* [EXTRACTED ENTRIES]:
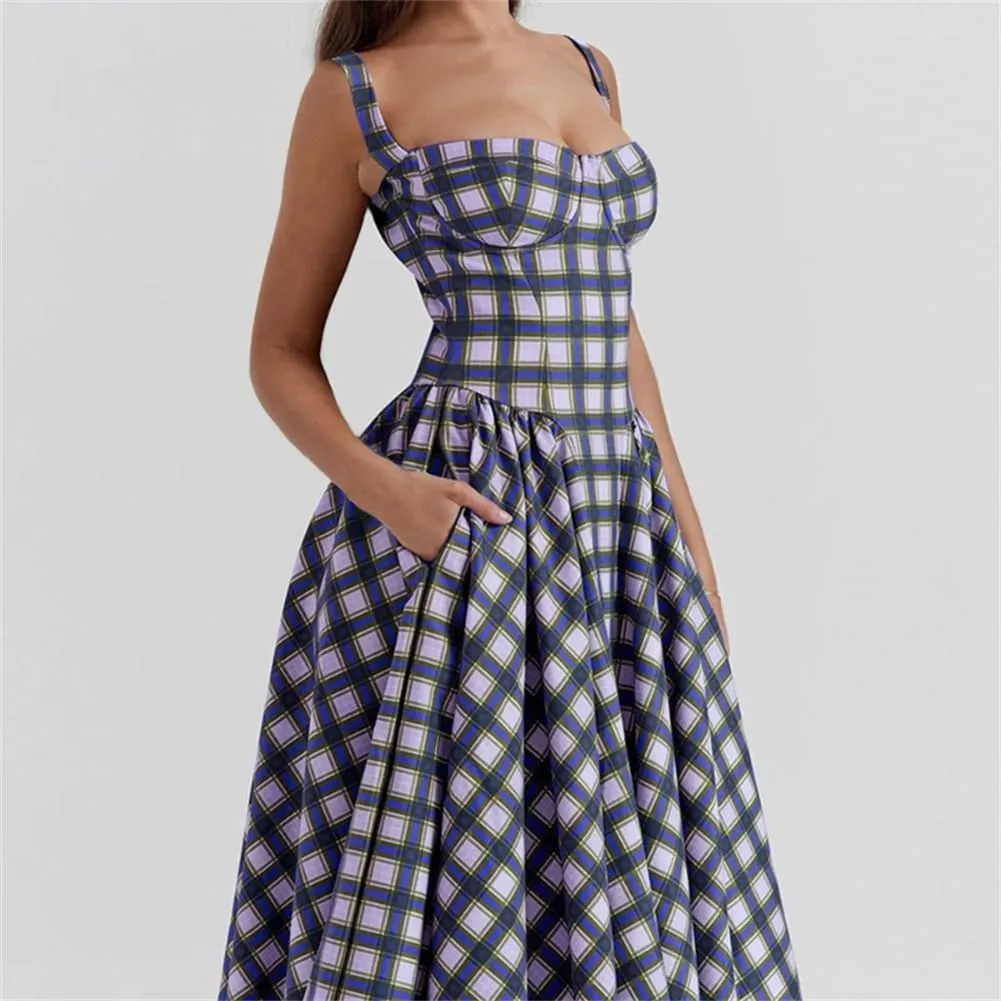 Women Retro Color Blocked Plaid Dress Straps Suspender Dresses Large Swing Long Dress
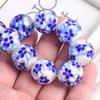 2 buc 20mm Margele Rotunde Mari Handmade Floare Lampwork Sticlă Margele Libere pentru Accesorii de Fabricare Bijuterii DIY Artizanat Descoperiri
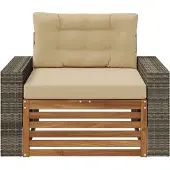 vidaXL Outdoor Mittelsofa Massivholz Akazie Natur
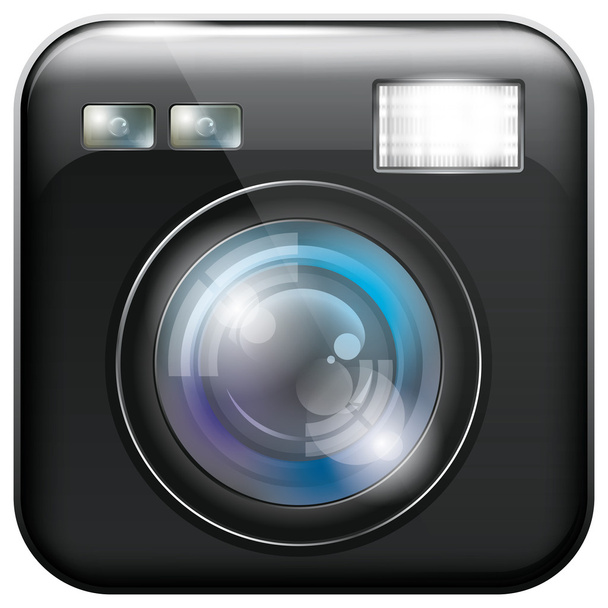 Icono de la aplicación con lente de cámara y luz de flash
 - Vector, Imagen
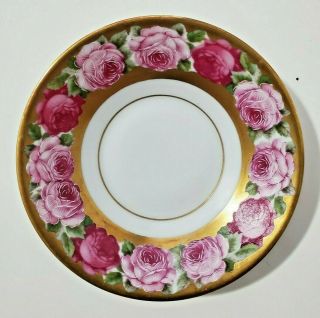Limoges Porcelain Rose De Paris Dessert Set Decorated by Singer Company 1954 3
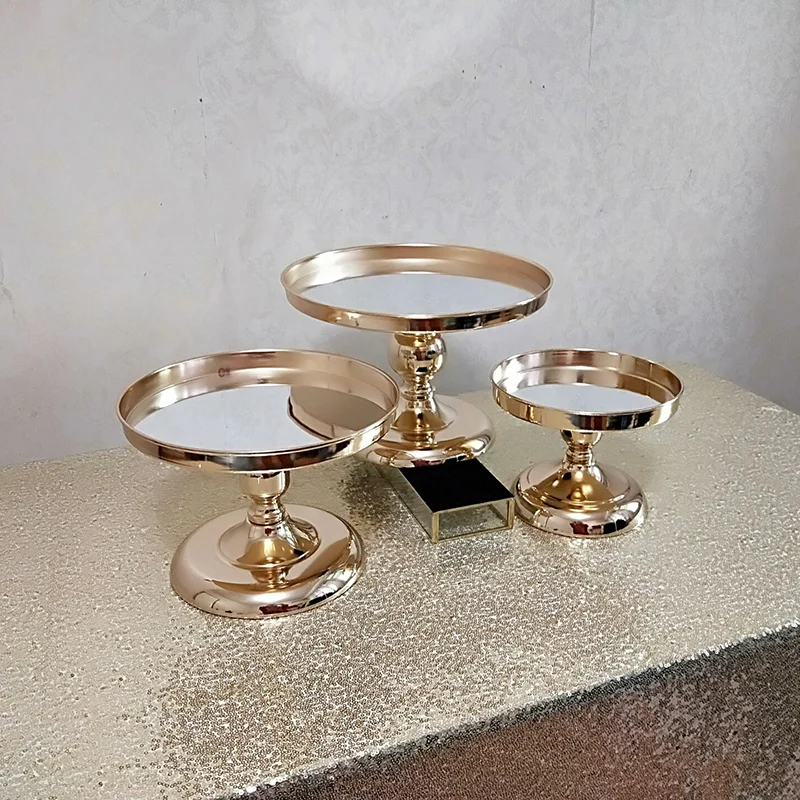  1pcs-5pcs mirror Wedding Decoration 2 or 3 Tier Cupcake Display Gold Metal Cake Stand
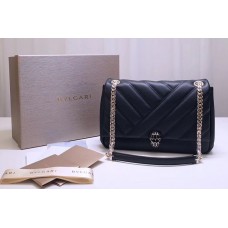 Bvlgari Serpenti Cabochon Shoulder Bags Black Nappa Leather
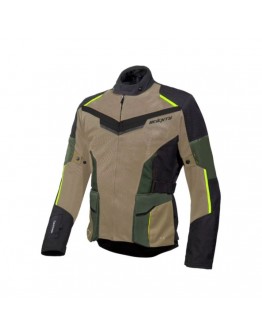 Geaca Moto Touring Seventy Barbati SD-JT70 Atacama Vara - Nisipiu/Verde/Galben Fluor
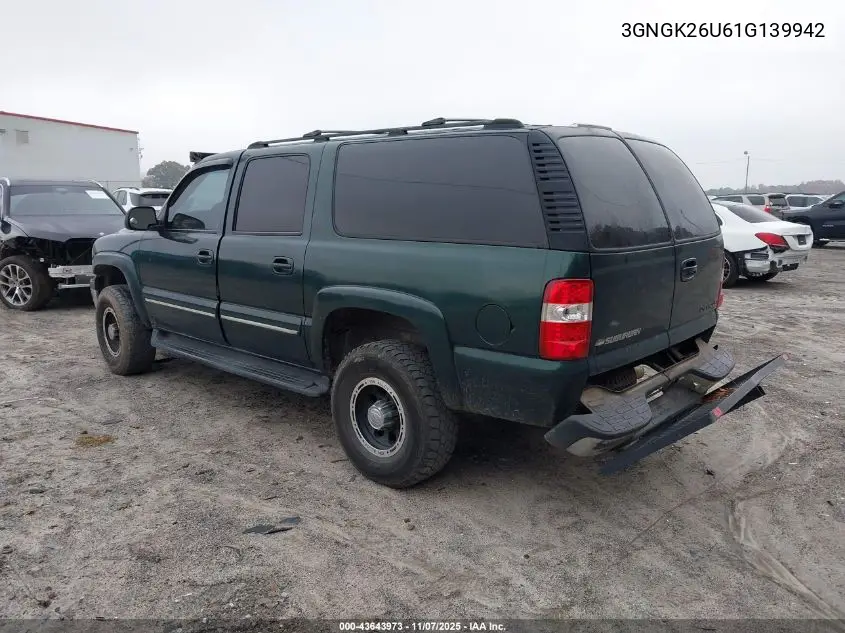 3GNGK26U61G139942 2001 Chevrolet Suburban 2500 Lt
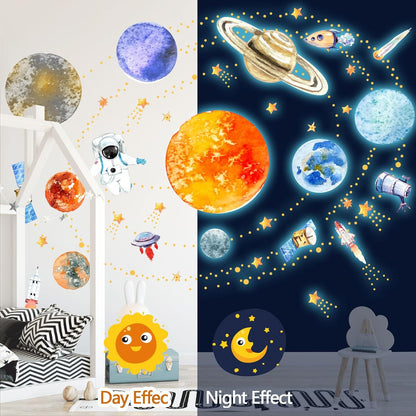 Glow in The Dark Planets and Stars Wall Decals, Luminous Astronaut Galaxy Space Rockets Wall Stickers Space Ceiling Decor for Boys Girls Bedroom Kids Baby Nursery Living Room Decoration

* [ASSIGNMENT]: Exactly the lines from the start of the entries above through the line with "3GNGK26U61G139942 2001 Chevrolet" should be reproduced, and nothing else; drop the pictures.

* [COMPLETED EXERCISE]:
 Women Retro Color Blocked Plaid Dress Straps Suspender Dresses Large Swing Long Dress
 2 buc 20mm Margele Rotunde Mari Handmade Floare Lampwork Sticlă Margele Libere pentru Accesorii de Fabricare Bijuterii DIY Artizanat Descoperiri
 vidaXL Outdoor Mittelsofa Massivholz Akazie Natur
 Icono de la aplicación con lente de cámara y luz de flash
 - Vector, Imagen
Limoges Porcelain Rose De Paris Dessert Set Decorated by Singer Company 1954 3
  1pcs-5pcs mirror Wedding Decoration 2 or 3 Tier Cupcake Display Gold Metal Cake Stand
 Bvlgari Serpenti Cabochon Shoulder Bags Black Nappa Leather
 Geaca Moto Touring Seventy Barbati SD-JT70 Atacama Vara - Nisipiu/Verde/Galben Fluor
 3GNGK26U61G139942 2001 Chevrolet Suburban 2500 Lt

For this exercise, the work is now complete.